Superimposed on the depositional and diagenetic continuity and reservoir quality characteristics are post-depositional and syn- plus post-diagenetic tectonic folding, faulting and fracturing. The Ellesmerian tectonic event (Middle Pennsylvanian to Late Permian) created widely-spaced, low relief rift blocks across the central North Slope. The Beaufortian extensional event (Jurassic to Early Cretaceous) generated a rifted margin and rift shoulder uplift, defining the initial trap configuration for the Lisburne field (and overlying Prudhoe Bay field). Beaufortian extension also created the main east-west intra-reservoir normal fault set. The Brookian Orogeny (Late Cretaceous to Miocene) accommodated major thrusting in the Brooks Range to the south. Compressional pulses reached the Lisburne field, where Beaufortian extensional faults were re-activated during the Brookian Orogeny. Far field compression also created additional fracture sets. The current Wahoo reservoir subsurface structural and fault framework, based on seismic mapping, has east-west striking, discontinuous normal faults (some down-to-the north; others down-to-the-south) across the field. Subsurface core and image-log fracture and seismic attribute analyses document at least two populations of fractures within the Wahoo reservoir: ENE and NNW.
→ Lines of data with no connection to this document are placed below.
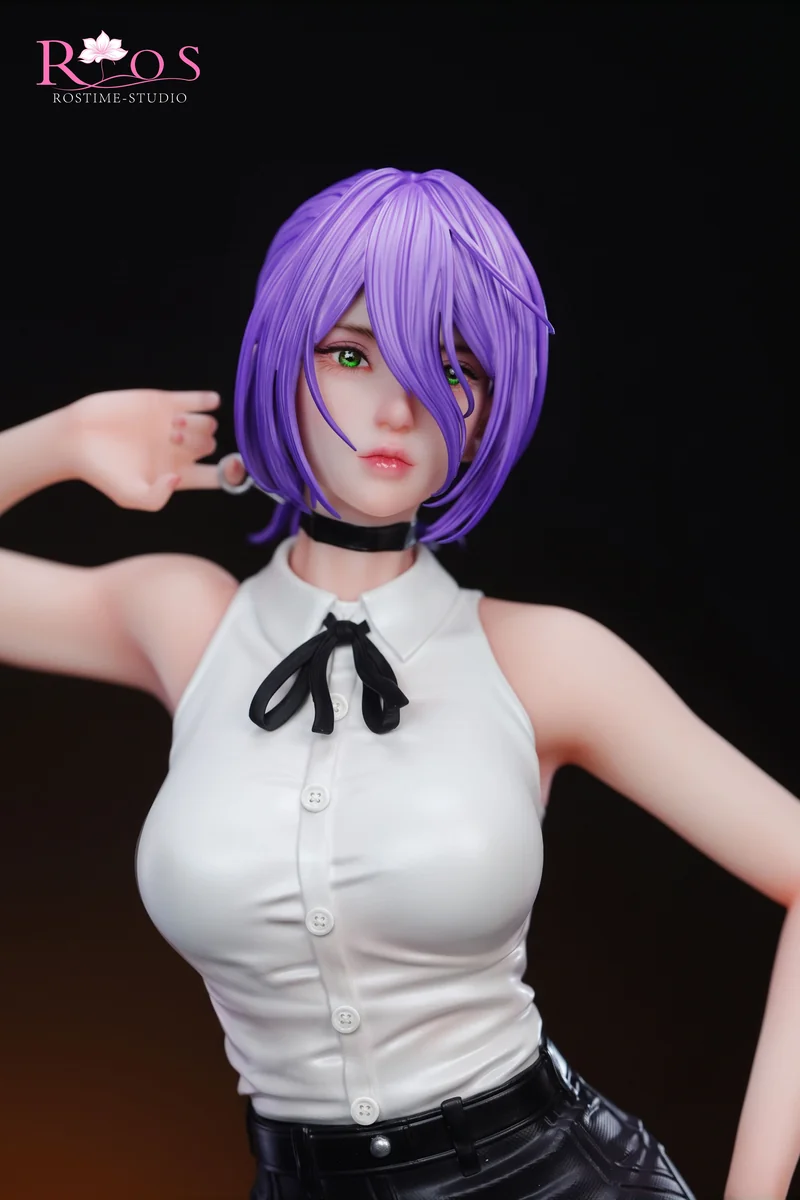 "Chainsaw Man Reze Bomb Devil 1/6 scale dynamic statue showcasing both dual head sculpts from multiple angles, highlighting premium explosive action."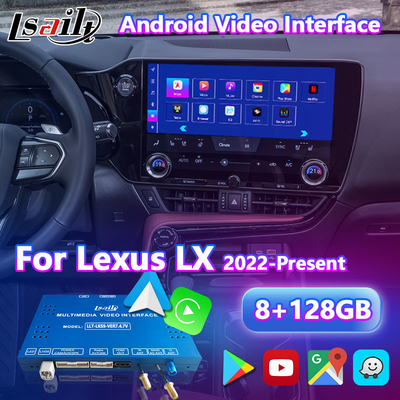 Lsailt Android Carplay Multimedia Video Arayüzü 2022-Bugünkü Lexus LX LX500d LX600 LX700h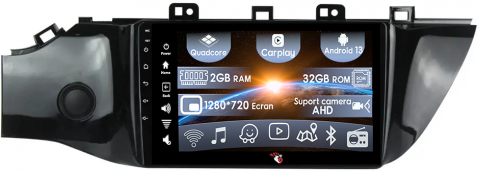RIO 2016-2019 - (Resigilata) Navigatie dedicata Kia Rio 2016-2019, 2GB RAM 32GB ROM, Quad Core, Display 9" IPS Full HD, Carplay, Android 13, Bluetooth, Magazin Play, Suport camere AHD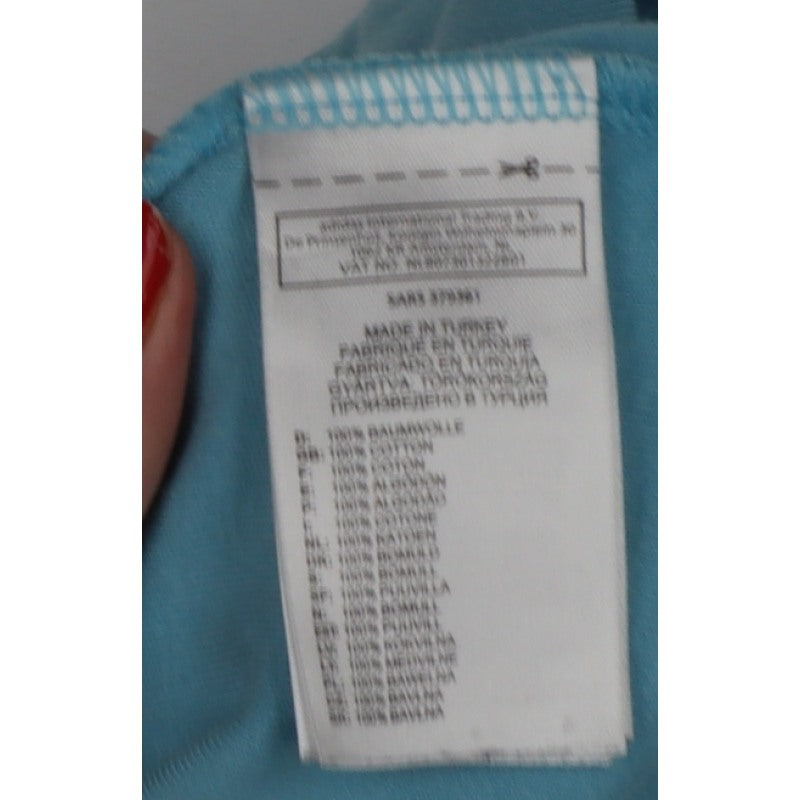 Adidas Women’s Blue UK 14 Full Zip Hooded Sweatshirt Stripe Logo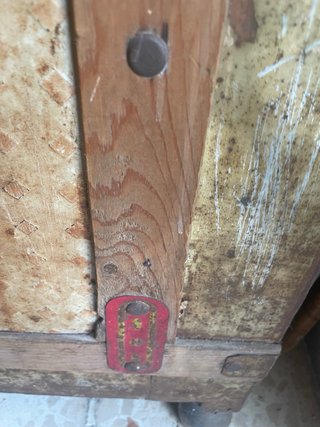 Baúl antiguo de madera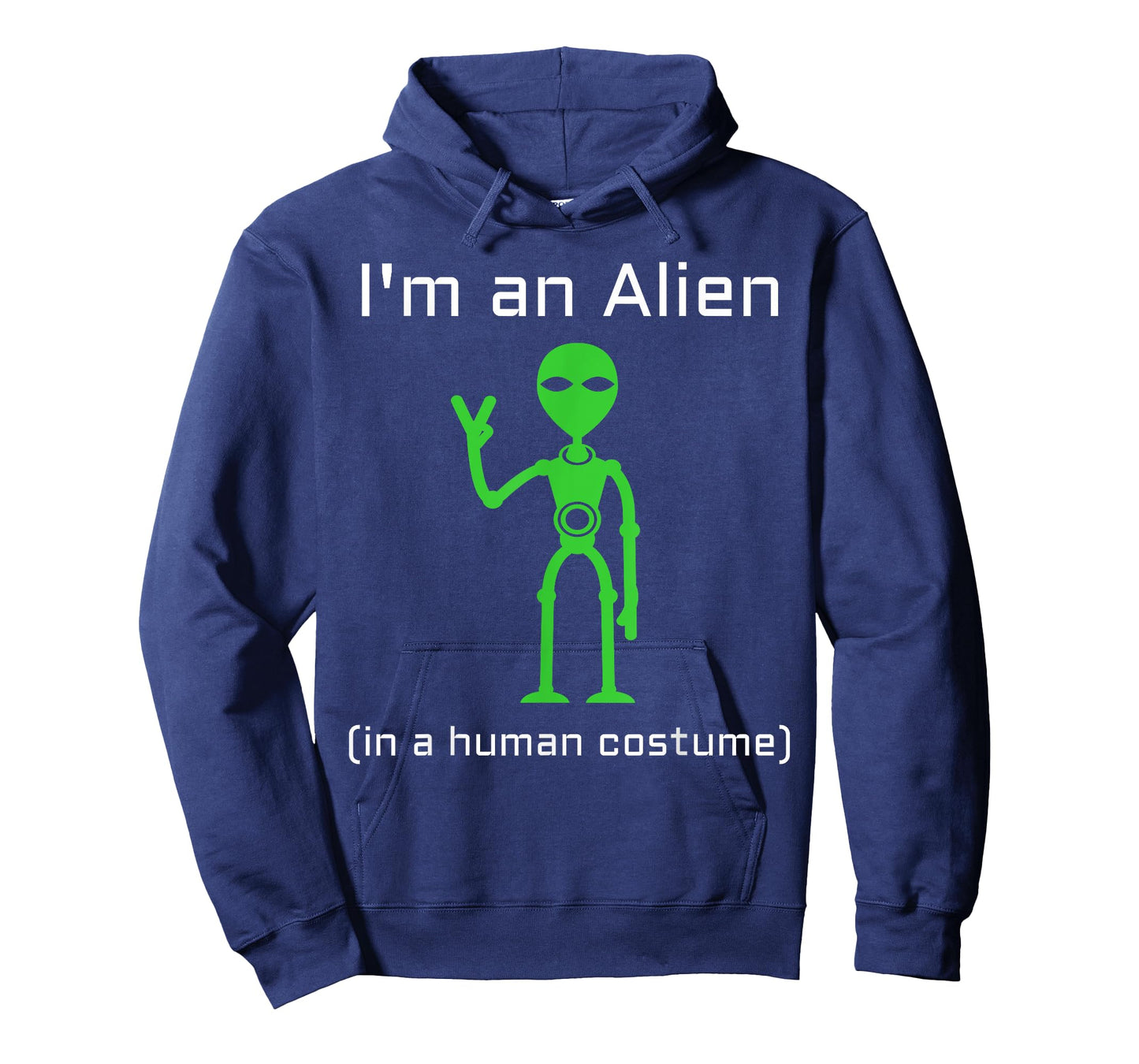 Extra Terrestrial Alien in a Human Costume T-Shirt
Fluid flow in the Lisburne Wahoo reservoir is clearly complex and controlled by a number of factors: 1) a complicated depositional facies mosaic with varying strike and dip directions, 2) overprinted diagenetic patterns that variably modify reservoir quality, 3) high frequency sequence stratigraphic architecture with beds and units of variable thickness and continuity, and 4) faults and fractures with varying direction and transmissibility. Results from (inter-well) pulse tests indicate that the NNW-SSE fracture trend is a preferred permeability direction in areas away from faults, reflecting flow through the aforementioned fracture set. There also seems to be improved E-W connectivity between wells close to or crossing E-W trending faults. The E-W faults also act as barriers/baffles in the opposite, N-S, direction, as a result of fault juxtaposition of stratigraphic units and/or cementation of the fault core. Thus, whilst there are some general conclusions that can be drawn from the field data, it is imperative to build drilling pad-specific sector flow models based on pulse test and tracer data that establish local connectivity between adjacent wells. Importantly, flow directions, connectivity lengths, and rates that can be defined for the Wahoo L-2 wells are not the same for those of the L-1, L-3, L-4, and L-5 wells. One size does not fit all. This reservoir must be developed with area specific strategies.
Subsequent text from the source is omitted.